Du point de vue géographique, 42% des rapports, soit le nombre le plus élevé, proviennent du bureau Afrique de l'OMS, 21% du bureau des Amériques de l’OMS, ex aequo avec le bureau Europe de l'OMS. La prolifération de ces produits médicaux de qualité inférieure ou falsifiés, allant du traitement du cancer à la contraception, est attribuée à des problèmes de régulation et dispositifs législatifs inadaptés.

Si les contrefaçons ne cessent de proliférer dans ces régions, c'est à cause de nombreux facteurs, comme "des dispositifs législatifs inadaptés avec un manque de régulation, une porosité des frontières, un manque de médicaments, une chaine logistique complexe et des populations mal informées", détaille l'Institut international de recherche anticonfrefaçon de médicament (l'Iracm).

Ce trafic peut s'avérer très rentable.

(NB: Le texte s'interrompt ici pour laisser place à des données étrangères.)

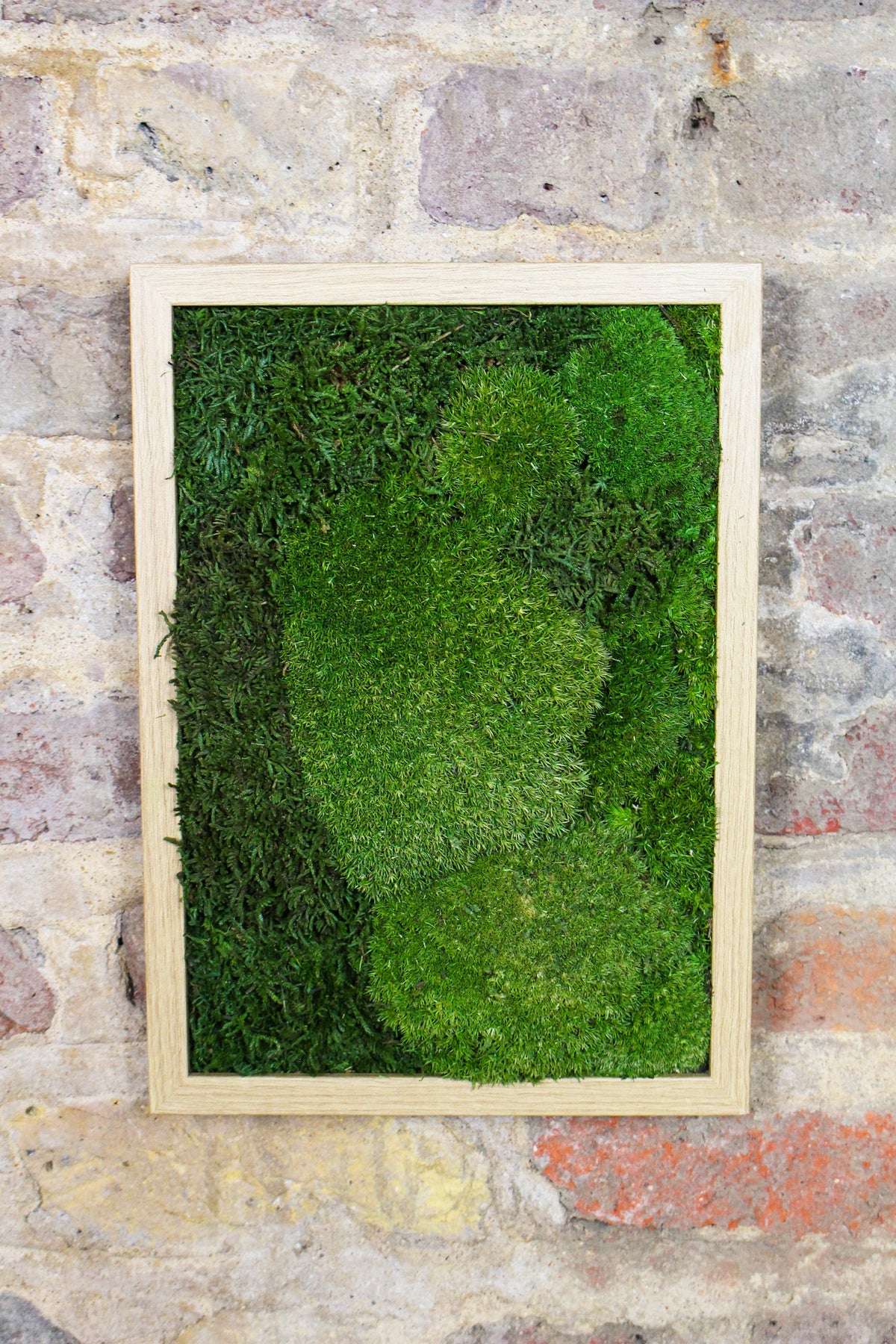Handmade Preserved Moss Wall Art | Wooden Frame | A4 | Bun Moss & Driftwood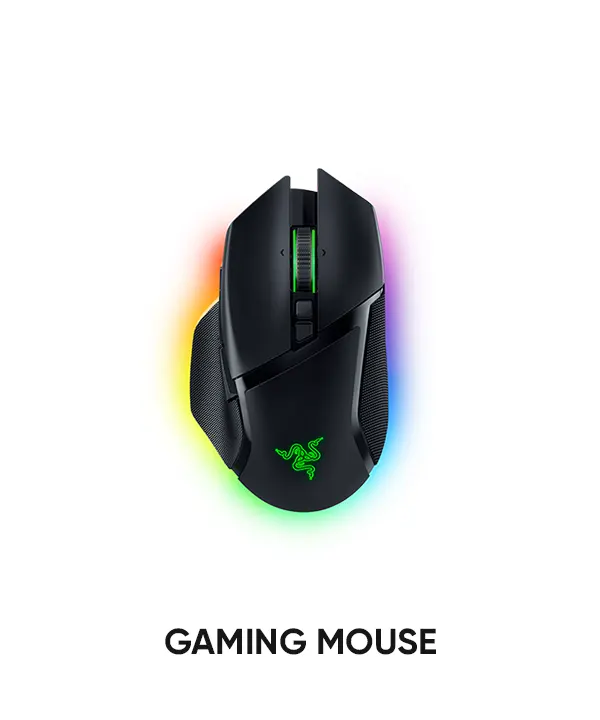 Mouse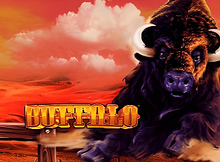 Buffalo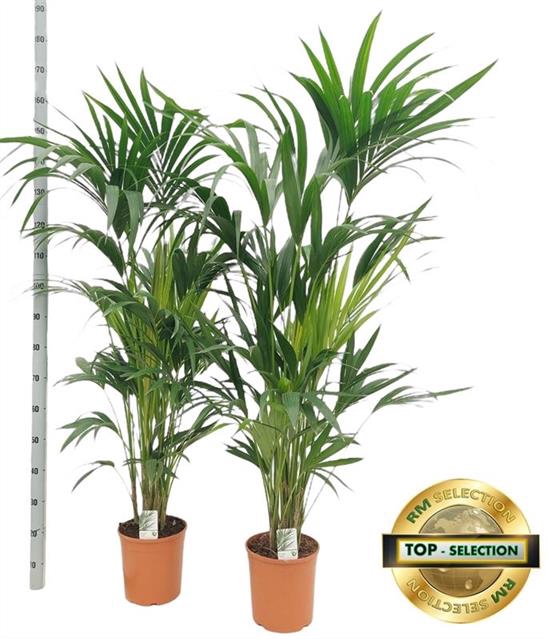 Howea forsteriana 24Ø 170cm 6pp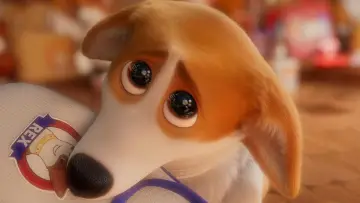 Zasłona do filmu "Corgi, psiak królowej" #309748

Pour 1.000 dollars investis, le profit peut grimper à 500,000 dollars pour des falsifications de médicaments très onéreux, estime l'International federation of pharmaceutical manufacturers.

Les produits médicaux de qualité inférieure atteignent les patients lorsque les outils et la capacité technique pour appliquer les normes de qualité dans la fabrication, l'approvisionnement et la distribution sont limités. D'autre part, les produits falsifiés ont tendance à circuler là où une réglementation et une gouvernance inadéquates sont graves par une pratique contraire à l'éthique par les grossistes, les distributeurs, les détaillants et les travailleurs de la santé. Une proportion élevée de cas signalés à l'OMS survient dans des pays ayant un accès limité aux produits médicaux.

La mondialisation rend la réglementation des produits médicaux plus difficile. De nombreux falsificateurs fabriquent et impriment des emballages dans différents pays, transportant des composants vers une destination finale où ils sont assemblés et distribués.

Au total, le marché mondial de la contrefaçon de médicaments représentait 75 milliards de dollars par an, selon un rapport de l'Institut international de recherche anticonfrefaçon de médicament (l'Iracm), via Internet et des flux physiques. Le World Economic Forum va plus loin en chiffrant en 2014 ce marché illicite à 200 milliards de dollars.

Cette étude s'appuie sur plus de 100 articles de recherche publiés sur des enquêtes de qualité des médicaments menées dans 88 pays à revenu faible et intermédiaire impliquant 48 000 échantillons de médicaments. Le manque de données précises signifie que ces estimations ne sont qu'une indication de l'ampleur du problème. Davantage de recherches sont nécessaires pour estimer avec plus de précision la menace que représentent les produits médicaux de qualité inférieure ou falsifiée.